Further Reading

How do I convince my ex-wife my drinking is no longer a problem?

Dear Stanton-

I was enlisted in a 30 day in-patient treatment center last spring. There is some history (my grandfather) of alcohol abuse in the family. I have a 17 year old cousin (my grandfather's grandson) who has been involved with drugs and alcohol recently. These problems led my aunt & uncle to a treatment center in seek of help. This, in turn, led to a full blown family intervention of me.

I am 28 years old, a bit immature at times for my age, but was employed by a liquor broker for three years as a sales rep. My work environment was bars and nightclubs. This job provided more money than I had ever made. In addition to free, unlimited quantities of hard alcohol, my friends, including my wife, endorsed a partying lifestyle (most have since mellowed out). As a result, my drinking became increasingly abusive.

For the past year I have had no excessive use of alcohol. I have been for the most part abstinent, but occasionally like to get together with a friend to talk over a glass of wine, or, literally, 1 or 2 beers. This behavior makes my wife (we are currently separated) extremely concerned, angry, scared, etc. These fears she has are derived from what she has learned from AA and a few Al-anon meetings. My parents also endorse this all or nothing attitude that has been placed upon them by you know who.
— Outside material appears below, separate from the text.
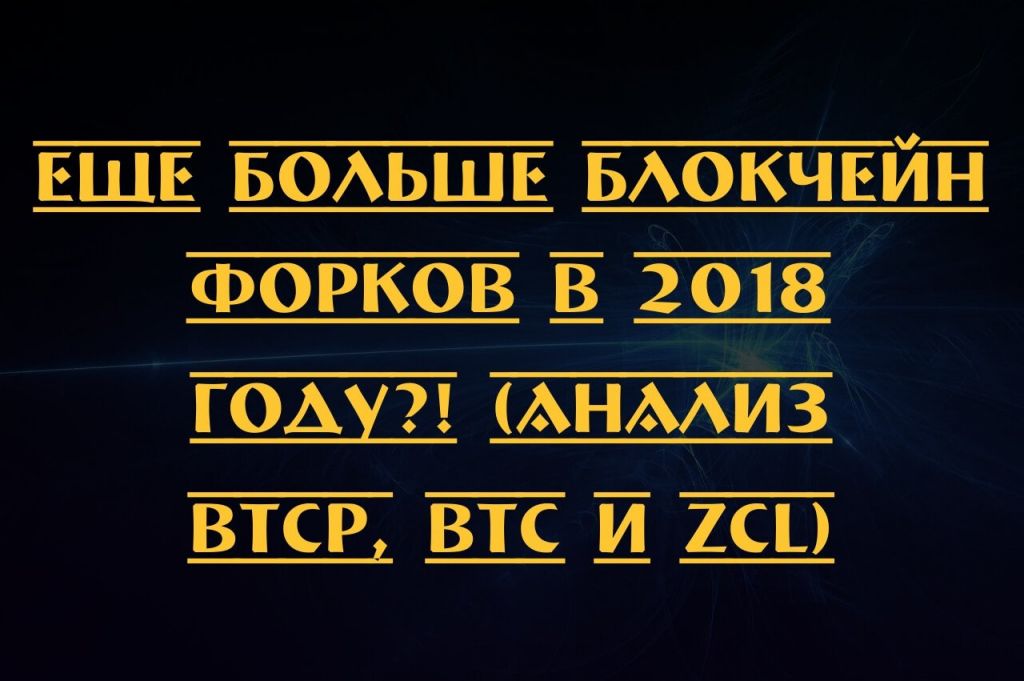 1517514930.jpg блокчейн форки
My problem is this, how do I begin to get them to objectively understand the concepts regarding addiction that you discuss in "Diseasing of America". I have purchased multiple copies of your book and given it to them to read, but they haven't. I feel like am being forced to give up all alcohol forever in order to continue my relationship with them because an alcohol treatment center admitted me based on a 3 minute question and answer session and then branded me a diseased person for life. HELP!!

Yours truly,

[...]


Dear [...]:

It's a tough sell overcoming the all-or-nothing, AA mentality, so you have to use your bean.

Of course, it's doubly difficult convincing your separated wife of something -- do you have children together? If not, how necessary is it for you to convince her? Do you think you can reconcile? Also, the need to convince your parents does tend to support the idea that you're a bit immature (although I'm reassured to see you are capable of acknowledging your immaturity -- that supports your self-report when you say you're drinking without problems).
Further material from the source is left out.